Saturday, February 5, 2011

The Freedom to be Left Alone

A few days ago I finally got around to starting to read The Audacity of Hope by Barack Obama. I’m less than 100 pages in, and to be honest, while it is an interesting and important read, it isn’t exactly light reading for someone who doesn’t come from the sort of family where you are discussing politics before you can walk (you know who you are). Anyways, that’s not the point.


In the context of a discussion of the central values that shape American culture, Obama describes Michelle’s reaction to her first trip to Kenya. He describes how, from an American perspective, “the demands of family ties and tribal loyalties can be [suffocating], with distant cousins constantly asking for favors [and] uncles and aunts showing up unannounced.” The trip gave Michelle a new awareness and appreciation for a specific type of freedom that is almost uniquely American; an individual’s freedom to be left alone. Obama argues that this is something that, as a general rule, Americans believe in, and tend to be “suspicious of those – whether Big Brother or nosy neighbors – who want to meddle in our business.” This value is not, in any way, normal, when you look at the rest of the world. We are the exception, not the rule.


This discussion was particularly poignant to me, given our current situation, living in a culture where life is lived in public, and the concept of privacy just doesn’t exist. People are baffled at (what seems to them) the excessive amount of time we spend in our house with the door closed, and even now, after living here a year, they call in to ask if we are ok, and/or what we could be doing in there for so long. Not to mention the fact that EVERY TIME we leave the village, EVERY PERSON we pass asks where we are going, what we will be doing there (and vice versa when we return), etc. I could go on for pages about this, but you get the idea. It’s like being in middle school again! What are you doing, where are you going, how are you getting there, who are you going with, when will you be back…you all know the script.
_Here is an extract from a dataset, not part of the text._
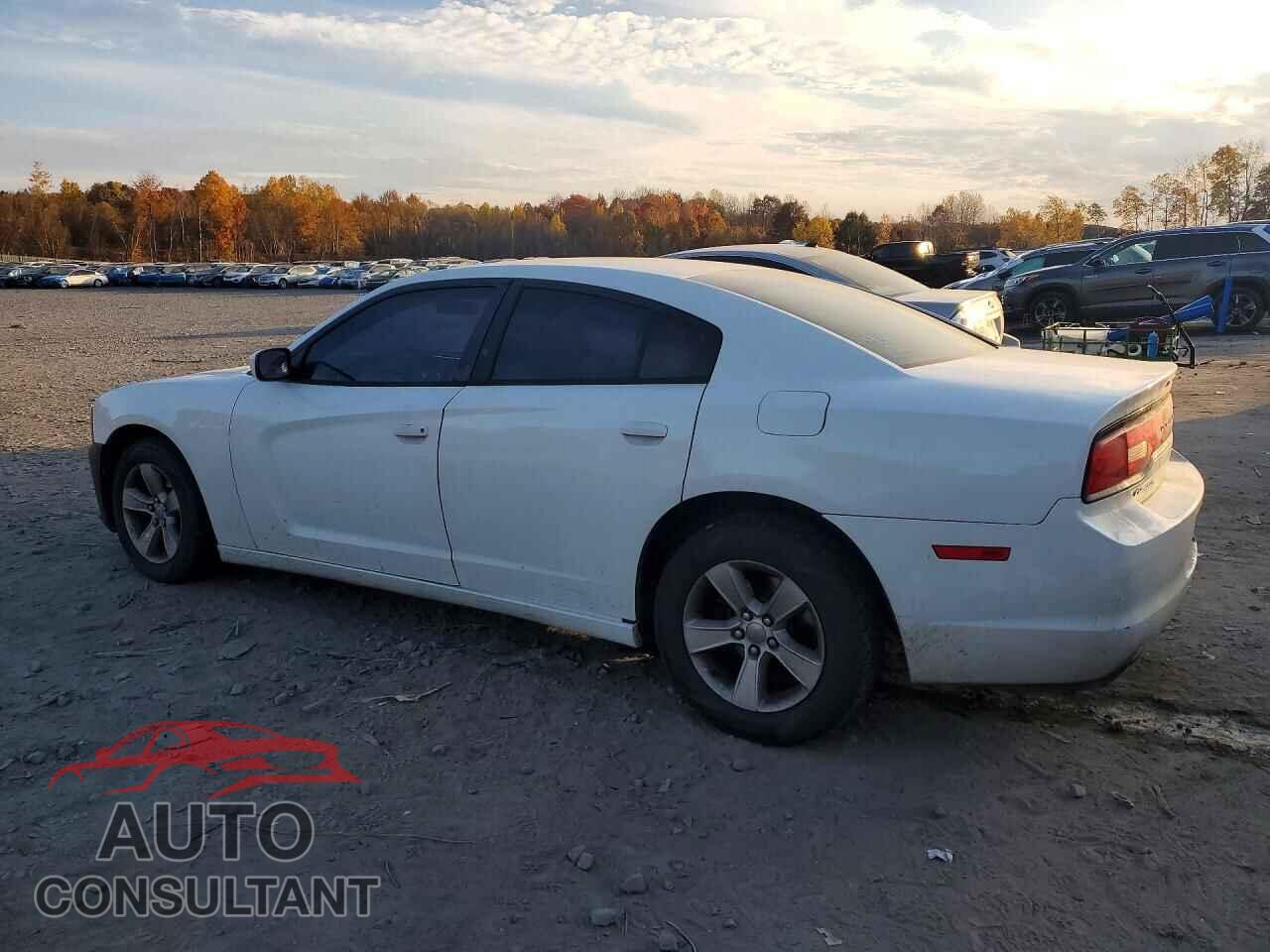 DODGE CHARGER 2011 - 2B3CL3CG7BH545336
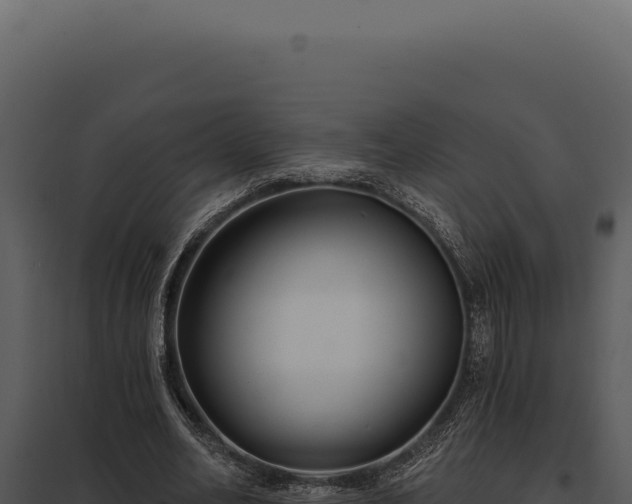 X0000097970582200804011723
Obama’s book provided a much-needed reminder that in every society, there has to be a balance between the individualistic and the communal. In some cultures, the scale is tipped one way, in others, the other way. American culture is tipped towards the individualistic. Most African cultures are tipped towards the communal. As we have discovered, to transition from one extreme to the other is exceedingly difficult. It takes some of our most deeply ingrained values and turns them on their heads, which is not something the human brain deals with particularly well. Small wonder that sometimes we struggle with it!

1 comment:

Anonymous said...

All very well put. Your comments over this last year about cultural differences has made me much more sensitive even to cultural differences within the US.